Over and Under the Snow
- First edition hardcover
- Author: Kate Messner
- Illustrator: Christopher Silas Neal
- Language: English
- Genre: Picture book;
- Publisher: Chronicle Books
- Publication date: October 5, 2011
- Publication place: United States
- Pages: 44
- ISBN: 9780811867849
- Followed by: Up in the Garden and Down in the Dirt

= Over and Under the Snow =

2011 children's book by Kate Messner

Over and Under the Snow is a picture book by American author Kate Messner. It was published on October 5, 2011 by Chronicle Books.

== Plot ==
While cross-country skiing with her father, a young girl learns about the animals living in "the secret kingdom under the snow". She then goes to bed and dreams about the animals. The book ends with an author's note explaining the subnivean zone. It then provides a list of animals that "eat, sleep, hide, and play over and under the winter snow."

== Reception ==
The book won a Golden Kite Award for Picture Book Text in 2012. It was nominated for a Virginia Readers Choice Award in 2014 and a Monarch Award in 2015. It was listed as one of the ten picture books on the New York Times Notable Children's Books of 2011 list.

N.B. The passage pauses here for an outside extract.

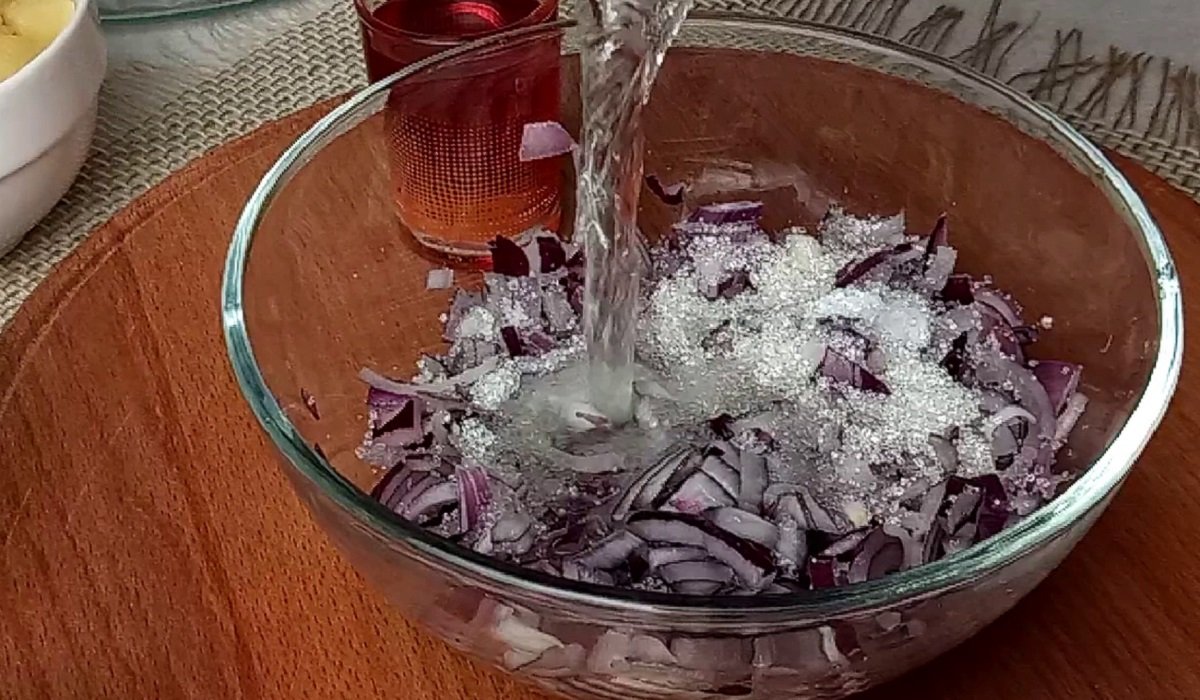 лук с солью, сахаром и водой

Kirkus Reviews called it "[u]tterly charming, and informative, to boot". Publishers Weekly praised Messner's "graceful" prose.

== Audiobook ==
An audiobook narrated by Laura Knight Keating was released by Recorded Books on November 28, 2014. C.A. Fehmel of School Library Journal praised Keating's "lovely tone", but called the sibilance "a bit grating".

== Sequels ==
The book received seven sequels. Up in the Garden and Down in the Dirt was published on March 3, 2015 and explored animals living in gardens. Over and Under the Pond was published on March 7, 2017 and explored animals living in mountain ponds. Over and Under the Rainforest was published on August 11, 2020 and explored animals living in the rainforests of Central America. Over and Under the Canyon was published on September 7, 2021 and explored animals living in desert canyons. Over and Under the Waves was published on September 13, 2022 and explored animals living in the ocean. Over and Under the Wetland was published on August 13, 2024 and explored animals living in Everglades National Park. Over and Under the Coral Reef was published on August 26, 2025 and explored animals living in the coral reef of Grand Cayman.